‘You could feel the tension in the air’: Fight for free rapid COVID-19 tests leaves many empty-handed

Thousands of people lined up in Ontario Thursday morning for a chance to get free COVID-19 rapid test kits from the province, though many left empty-handed.

Eight The official quick test pop-ups in the GTA were hosted by the province on Thursday, announced only the day before. All but one were indoors and three in shopping centers.

Each location attracted massive lineups, and all reportedly ran out of testing early. Lenny Stone, along with hundreds of others, arrived at Mississauga’s Square One early in search of proof.

“It was crazy how many people showed up,” Stone said. “A lot of people were frustrated. They thought it was ridiculous that there was only one kiosk distributing. You could feel the tension in the air. “

Stone had previously tried to limit his time in shopping malls during the pandemic, particularly as cases of the Omicron variant increased.

On Thursday, Toronto reported 755 new cases of COVID-19. The daily average last week was 218 and that was a 66 percent jump from the previous week, which was the seventh consecutive week of increased spread of the virus.

“It was unnerving being there,” Stone said. “Because of the way the line was set up, a lot of people were constantly getting in front of us to get through the mall. I was very happy to get out of there. “

In a statement to the Star, the Health Ministry said it decided to host some pop-ups in shopping malls because people are likely already there.

“Health partners and local businesses have identified locations where increased traffic is expected during the holiday season and where vaccinated and unvaccinated people are likely to gather,” said ministry spokesman Bill Campbell.

Stone, who works on health equity issues, said the way pop-ups are organized can be a barrier for some communities. Not everyone, especially essential workers who perhaps have the greatest need for quick test kits, can queue at a mall on a Monday through Friday morning.

“It’s not the most organized approach,” he said. “Alberta is launching its rapid test program tomorrow and it looks a lot more organized than it was. They have specific places that people will go to get kits every two weeks.

“The pop-up schedule that Ontario has online is only for three days. What happens after those three days? ”

Amanda Ferguson got tested at Waterpark Place on Thursday morning. He set an alarm for 7 am and walked over. Ferguson said the “Toronto mentality” helped her form a plan of attack to secure a team.

“When you’re fighting for concert tickets, or any other pop-up or giveaway, if you’re not there first, you run the risk of leaving empty-handed,” he said. “That was my strategy. Set the alarm, you lose an hour or two of sleep, but it is worth the peace of mind to have (the evidence). “

In Hamilton, a city of nearly 800,000, there was only one test kit pop-up. Their stock was out of stock in minutes.

Dan Jelly arrived at the pop-up at 9 a.m., when it was supposed to start. The province had sent a bus to deliver the tests to a local park.

He hoped that, through the tests, his family could “have something like a normal Christmas this year.” Ten minutes after his arrival, he and the hundreds ahead of him in line, some of whom told him they had arrived at 6 am, were told there was no evidence left.

“It was frustrating, disappointing, I’m angry,” he said. “Medical care in a park is quite rare, but we are a city of over half a million people and all we have is a bus. Nowhere else in the city are they being distributed (quick tests) and I’ll have to skip Christmas if I don’t get one. “

The Ontario government announced Wednesday that free rapid test kits would also be delivered at select LCBOs in the province. including 21 in Toronto.

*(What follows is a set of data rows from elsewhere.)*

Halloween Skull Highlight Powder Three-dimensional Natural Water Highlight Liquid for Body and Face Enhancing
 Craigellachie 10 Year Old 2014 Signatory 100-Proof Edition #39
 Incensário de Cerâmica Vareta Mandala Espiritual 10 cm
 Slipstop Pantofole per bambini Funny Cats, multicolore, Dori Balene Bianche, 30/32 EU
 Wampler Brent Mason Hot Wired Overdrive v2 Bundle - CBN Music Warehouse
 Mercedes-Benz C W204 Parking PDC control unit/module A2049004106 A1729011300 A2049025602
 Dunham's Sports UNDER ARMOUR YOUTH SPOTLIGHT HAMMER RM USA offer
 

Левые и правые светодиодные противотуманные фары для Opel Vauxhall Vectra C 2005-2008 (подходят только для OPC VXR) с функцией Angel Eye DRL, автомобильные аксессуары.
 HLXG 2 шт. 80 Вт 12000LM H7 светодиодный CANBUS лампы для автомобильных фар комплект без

“Medical care in an LCBO is not appropriate,” Jelly said. “I have friends who are recovering alcoholics; they don’t want to get into an LCBO for any reason, ever. You’ve been sober for five years and this is the worst time of year to be around you. “

The Health Ministry told the Star that it recognizes that “some people may not feel comfortable visiting an LCBO, so we have ensured that rapid tests are available through multiple sites.”

He said the crown corporation was chosen to help distribute the tests because it has “locations throughout the province and an established distribution network.”

Lyndsay Butlin didn’t even make it to line for a test at Hamilton. Not the nearby parking lot. She was stuck in traffic for 10 minutes outside the park.

“It’s frustrating because other provinces have been running these tests for so long,” he said. Nova Scotia and Saskatchewan have made free rapid test kits available to residents for months.

Butlin ended up ordering 25 rapid tests online from Canadian Life Science for $ 200 and was told the tests would be shipped once they were available.

“It seems that even buying rapid tests before Christmas may not be an option,” he said.